Of course, the social structures of high school are so rigid and the codes so baroque that Claude Levi-Strauss couldn't get to the bottom of the matter if he had lived for another 100 years, and this complicates Will's recruitment efforts. McKinley is a place where popular kids can splash Slushees on the dorky ones with impunity. To sign up for glee club is to fling oneself to the bottom of the caste system. But Will finagles a way to get the nice-guy varsity quarterback to sign up.

In a hot-tub-related incident, said quarterback gets his cheerleader girlfriend pregnant—or so it seems. The real baby daddy is the QB's meathead teammate Puck, whom the cheerleader once got with on the sly. Her recounting of her motives for this hook-up is typical of Glee's tartness and sting and disregard for propriety: "You got me drunk on wine coolers, and I felt fat that day." Glee wouldn't truly be a Fox show if it did not have a coarse edge and a provocatively rude tone. We have jokes here about Schindler's List and tripping old ladies so they fall down the stairs. The show is eager to offend, and on the other hand, it flaunts good morals—hard work and collective struggle and all that. It has its earnestness and spits its sarcasm, too.

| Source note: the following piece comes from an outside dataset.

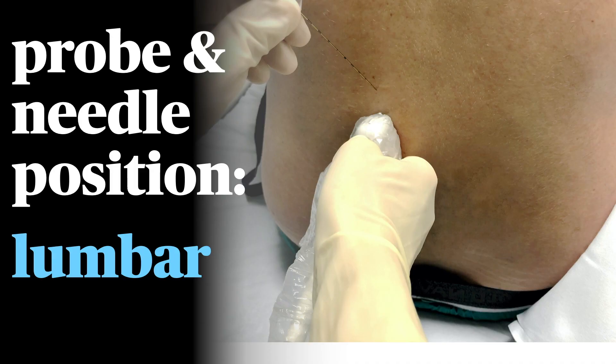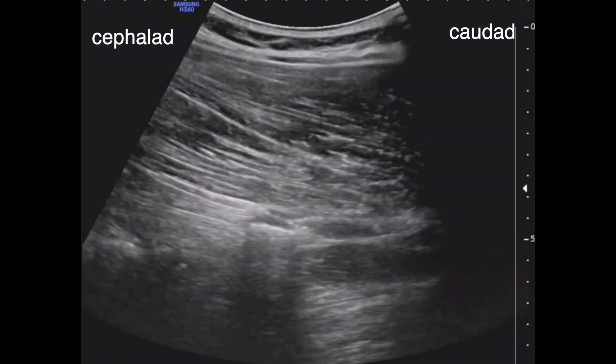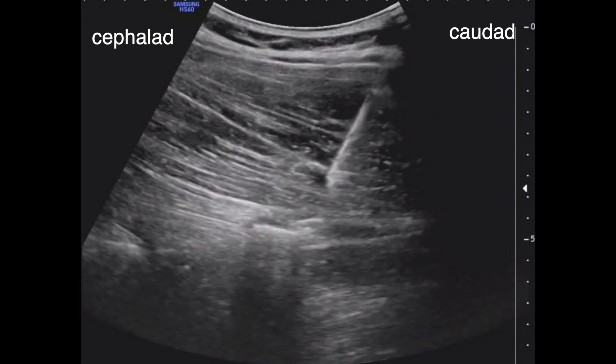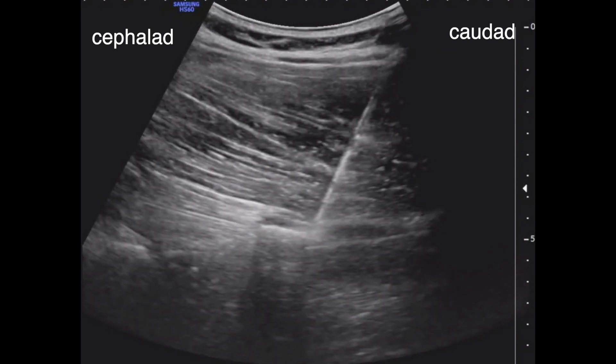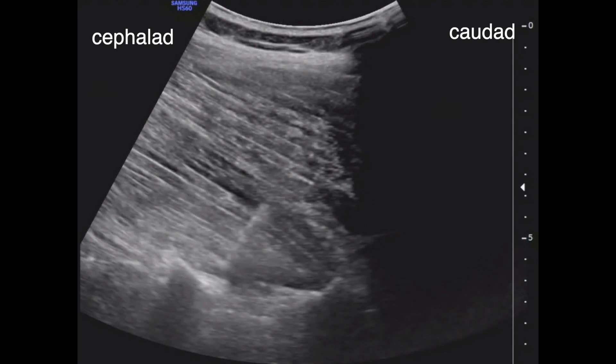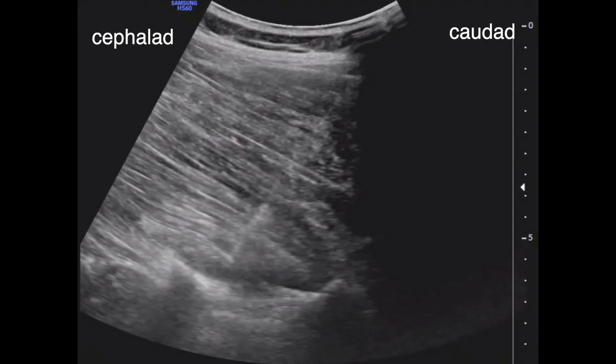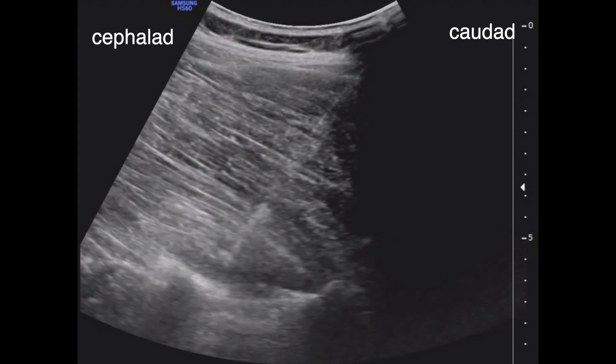For lumbar indications, we usually do the blocks at L3 or L2. Imaging L4 and L5 can be challenging due to the depth, and since the local spreads two-plus levels down and up, it covers most indications. Here we see the much thicker ES muscle overlying the L3 transverse process. A needle is advanced in-plane in order to contact the bone, and small test injections confirm that the local is spreading immediately superficial to the bone and underneath the muscle, at which point the local anesthetic is administered.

To continue describing the romantic quadrangle: The quarterback's girlfriend's backdoor man has been carrying on with a girl named Rachel, who is a theater geek, a drama queen, and a diva-in-training all wrapped up in one Jappy package, to use an adjective consistent with the tenor of the show. Puck interprets a dream about her as a call to embrace his ethnic heritage: "Rachel was a hot Jew and the good Lord wanted me to get in her pants." Actress Lea Michele plays Rachel, who dreams of going to Broadway, as detestable and adorable in ever-varying measures. She is a preening and egoistic eager beaver who, practically since toddlerhood, has been waking up at 6 a.m. to sing into her hairbrush. And now she and the quarterback have been locking eyes with increased intensity in the hallways. All around, it is a pretty good roundelay.

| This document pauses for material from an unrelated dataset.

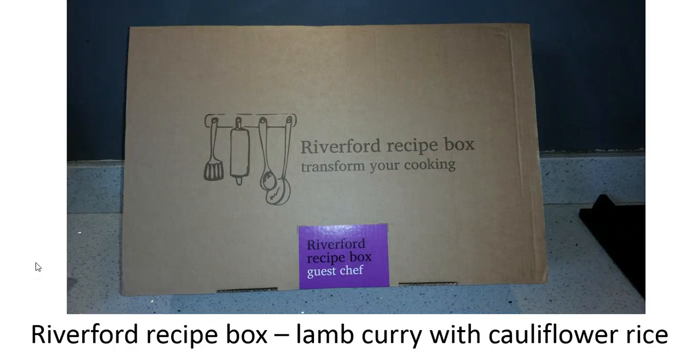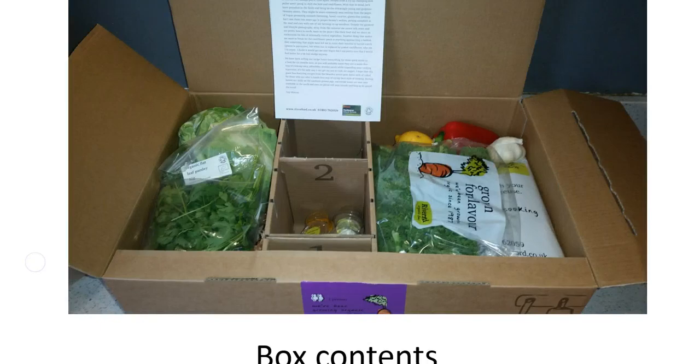I'm going to take you through a Riverford recipe box recipe. If you've never had a recipe box before and wonder how they work, this is a good way to see it. Or if you're looking for ideas for different curries, this is a great recipe from a recent Hemsley and Hemsley recipe box that we did. When you get your box, you'll find all the ingredients in three different compartments with your recipes, and chilled packaging for items like the lamb used in this curry.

Filling out the cast, we have a sassy black, a punky Asian chick, and an effeminate young homosexual. (The gay kid's awkwardly loving blue-collar father is one of the few parents represented here, most being as unimportant as so much Charlie Brown wa-wa-wa-wa-wa.) Today's papers bring news that some groups object to the fact that Glee casts an actor who can walk (Kevin McHale, not to be confused with the power forward) as a student in a wheelchair. Me, I'm troubled only by the fact that, after Friday Night Lights, a high-school show working a plot about wheelchairs this hard is like an otherwise good novel playing up scenes about harpooning a white whale. Still, in this Wednesday's episode—one notably more of an after-school special than its predecessors—McHale delivers an exhilarating cover of Billy Idol's "Dancing With Myself." The style is sort of barbershop rockabilly. His voice is like a proud mellow bell with some melancholy in its peal, and it sounds to me like the makings of a clear hit.